Work item: Return exactly the lines from the "NWT loft ladies" line through the last line of the entries below. Include no pictures.

─── Data section ───

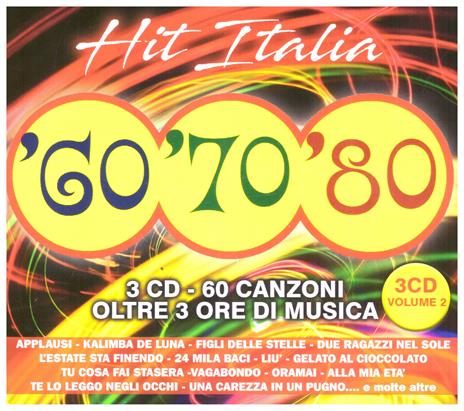 Hit Italia '60, '70, '80 vol.2 - CD Audio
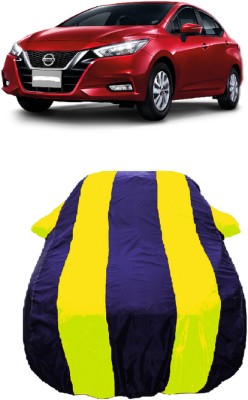 Wegather Car Cover For Nissan Almera S (With Mirror Pockets)(Yellow)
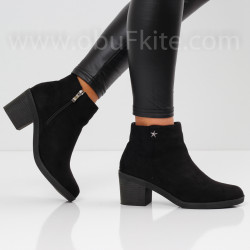 ДАМСКИ БОТИ НА ТОК - 22091912 BLACK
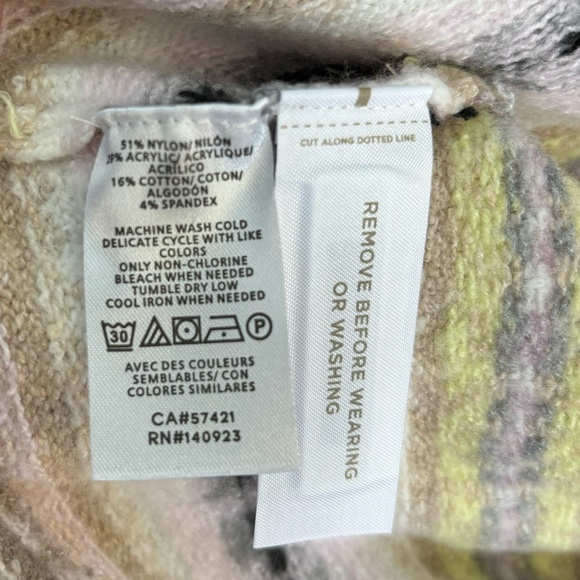 NWT loft ladies fair aisle turtleneck sweater XL - Picture 5 of 5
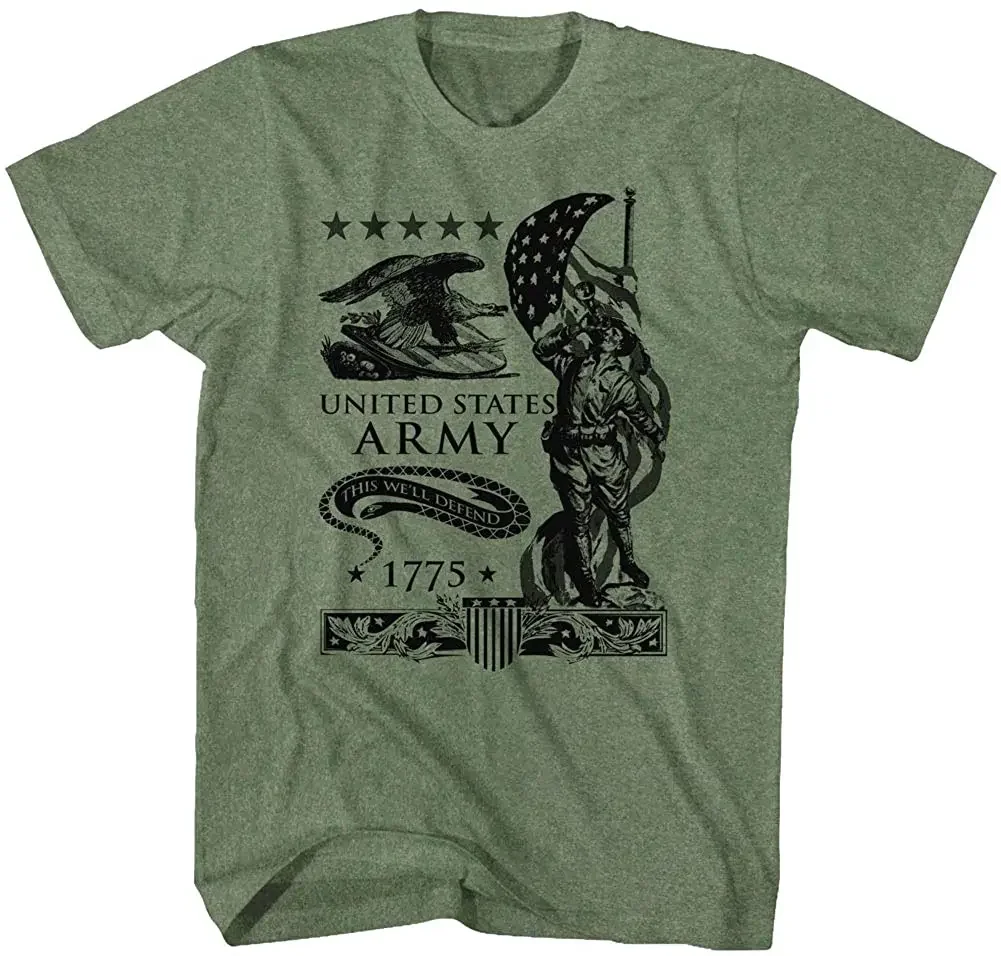 This We'll Defend US Army Respect & Honor Military T-Shirt 100% Cotton O-Neck Short Sleeve Summer Casual Mens T-shirt Size S-3XL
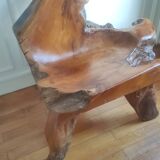 Exotic wood armchair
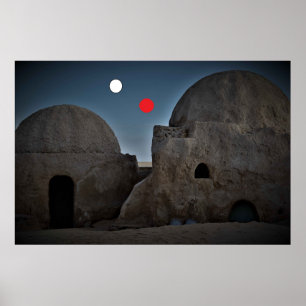Mos Espa op planeet Tatooine Poster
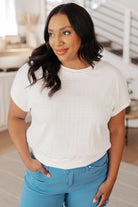 Clearly Classic Short Sleeve Top in White Tops Ave Shops- Tilden Co.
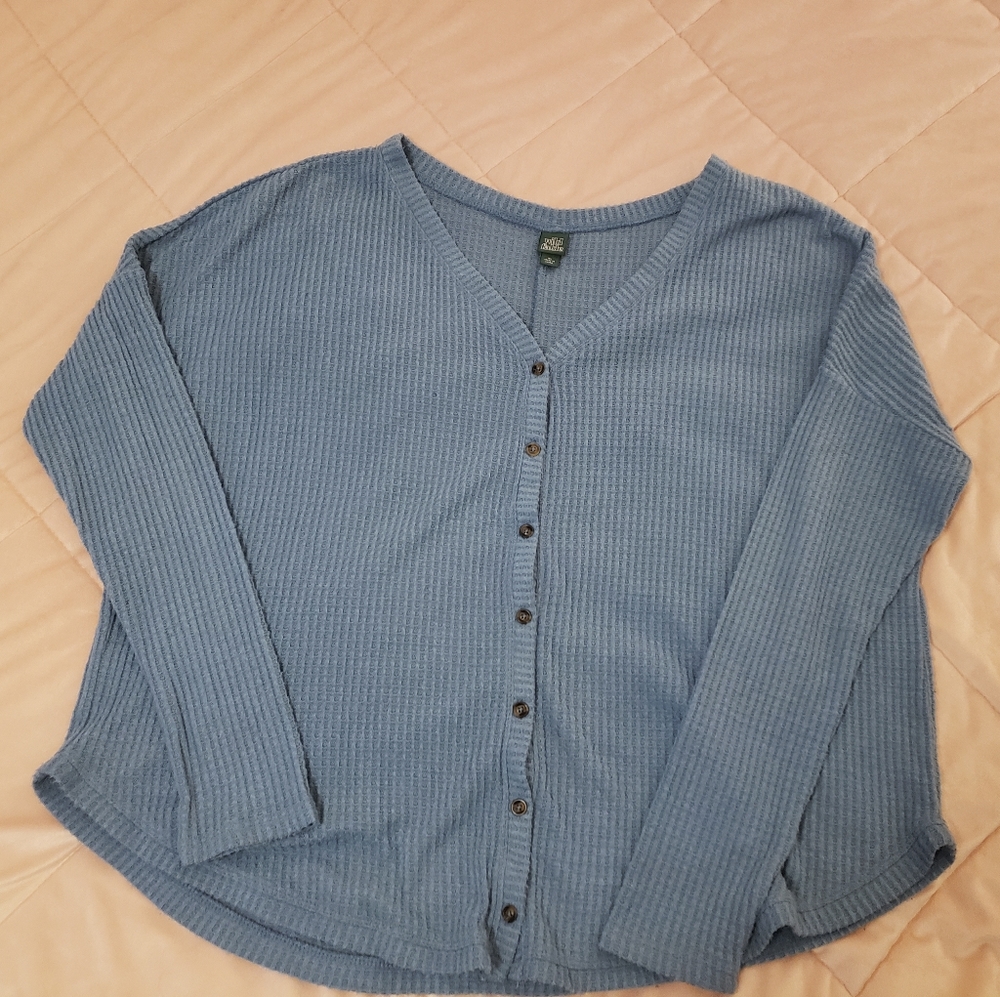 Button up long sleeved shirt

───

Your response:
 NWT loft ladies fair aisle turtleneck sweater XL - Picture 5 of 5
 This We'll Defend US Army Respect & Honor Military T-Shirt 100% Cotton O-Neck Short Sleeve Summer Casual Mens T-shirt Size S-3XL
 Exotic wood armchair
Mos Espa op planeet Tatooine Poster
 Clearly Classic Short Sleeve Top in White Tops Ave Shops- Tilden Co.
 Button up long sleeved shirt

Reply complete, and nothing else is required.